RESULTS After adjusting for atopy, age, sex, smoking history, and family history, severe obesity was a significant risk factor for recent asthma (OR 2.04, p=0.048), wheeze in the previous 12 months (OR 2.6, p=0.001), and medication use in the previous 12 months (OR 2.83, p=0.005), but not for AHR (OR 0.87, p=0.78). FEV1 and forced vital capacity (FVC) were significantly reduced in the group with severe obesity, but FEV1/FVC ratio, peak expiratory flow (PEF), and mid forced expiratory flow (FEF25–75) were not different from the group with normal BMI. The underweight group (BMI <18.5 kg/m2) had increased symptoms of shortness of breath, increased airway responsiveness, and reduced FEV1, FVC, PEF, and FEF25–75 with similar use of asthma medication as subjects in the normal weight range.

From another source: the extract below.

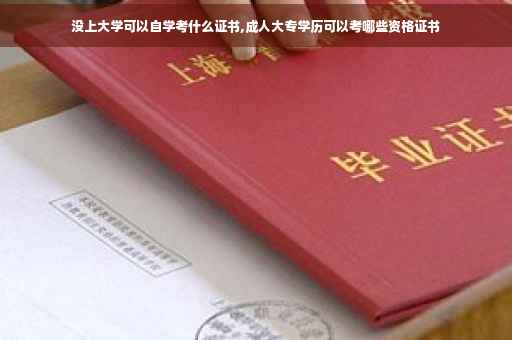 没上大学可以自学考什么证书,成人大专学历可以考哪些资格证书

CONCLUSIONS Although subjects with severe obesity reported more wheeze and shortness of breath which may suggest a diagnosis of asthma, their levels of atopy, airway hyperresponsiveness, and airway obstruction did not support the suggestion of a higher prevalence of asthma in this group. The underweight group appears to have more significant respiratory problems with a higher prevalence of symptoms, reduced lung function, and increased airway responsiveness without an increase in medication usage. This group needs further investigation.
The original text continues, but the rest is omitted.